In 1995, during the early stages of his career as a novelist and his life as a father, Michael Chabon embarked on his first residency at the MacDowell Colony in Peterborough, New Hampshire. Seizing this coveted solitary time, Chabon worked on the manuscript that became his Pulitzer Prize–winning novel, The Amazing Adventures of Kavalier and Clay (Random House, 2000). This initial residency led to eight repeat visits, the most recent of which saw the beginnings of his seventh novel, “Telegraph Avenue,” which he hopes to complete sometime this year. Now, after years of writing at the colony, Chabon has taken on a new role: chair of MacDowell’s board of directors. He succeeds author and journalist Robert “Robin” MacNeil, a seventeen-year veteran of the post. Shortly after Chabon stepped into the position last December, he spoke about his dedication to the colony and about making the most of the MacDowell experience.

Is the chair something you applied for?
It came as a complete surprise. When I got a message from a representative of MacDowell saying she wanted to talk to me about the search for a chair, I was certain they were calling me to suggest possible candidates. My wife [writer Ayelet Waldman, who is also a MacDowell alum] said, “They must be planning to ask you.” I said, “Yeah, right.”

What are some of the responsibilities of the position? Do you have specific plans for your tenure?
The big responsibility, according to Robin MacNeil, is presiding over and making a speech at the annual Medal Day ceremony in August. Other than that, [the post] seems to involve a lot of lending of my august presence. I am now clandestinely engaged in an eager campaign to buy up surplus quantities of augustness, on Craigslist and eBay mostly. Seriously, I plan to throw all my passion, support, and efforts into furthering whatever course is set by the amazingly gifted and able executive director, Cheryl Young, and resident director, David Macy, along with the staff and the board, and to try to bring some of the special perspective I have as someone who has spent a lot of time working, writing, at MacDowell…someone who has gratefully benefited from the original blessing bestowed by Mrs. and Mr. MacDowell back in 1907. 

I’m sure you’re still learning the ropes to a certain extent. Have you come across anything surprising?
I did not expect the epaulets to be so heavy!
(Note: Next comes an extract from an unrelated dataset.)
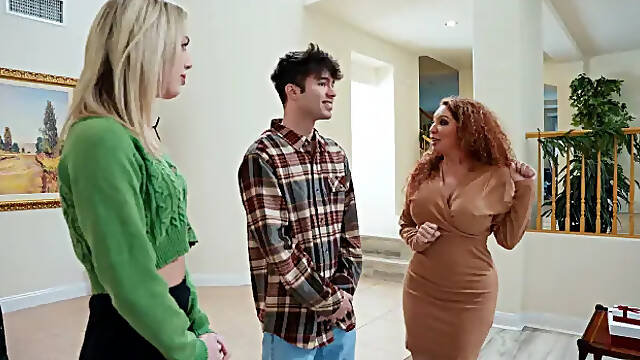 Brazzers: Festive Family Foursome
You’ve been to MacDowell nine times. What does it mean to you as a writer?
I get my work done. Even with four kids and an active life, I get my work done. But what I can’t seem to do anymore is utterly, completely lose myself in the work. To do your very best work as an artist, whatever the discipline, takes complete immersion in the work. You need to get caught in the slipstream, to draft along behind it as it carries you forward. You get into a state where, even when you’re not writing, everything you see, read, hear; every place you go; every newspaper you pick up; every conversation you chance to overhear feeds the work, because you are so saturated in it. That state is pretty well impossible for me to get into at home. Kids keep you, bless them, on the brilliant surface of life. At MacDowell, I fall into my work within about twenty-four hours—deep, deep, deep—and do not reemerge until the day I sign my name on the “tombstone” in my studio. The whole place is magical. It should be impossible; yet it exists.

Do you have any advice for people applying for a residency?
In my experience there are three reasons to come to MacDowell: (1) to start something new, (2) to make progress when you’re in the middle of something, and (3) to finish something. If you fit in one of those categories, go for it. And once you’re there, honor the beautiful intention of the place, and all the incredible effort and energy and imagination and enthusiasm that goes, every day, into making it function so well, by working your ass off.

Catherine Richardson is Poets & Writers Magazine’s Diana and Simon Raab Editorial Fellow.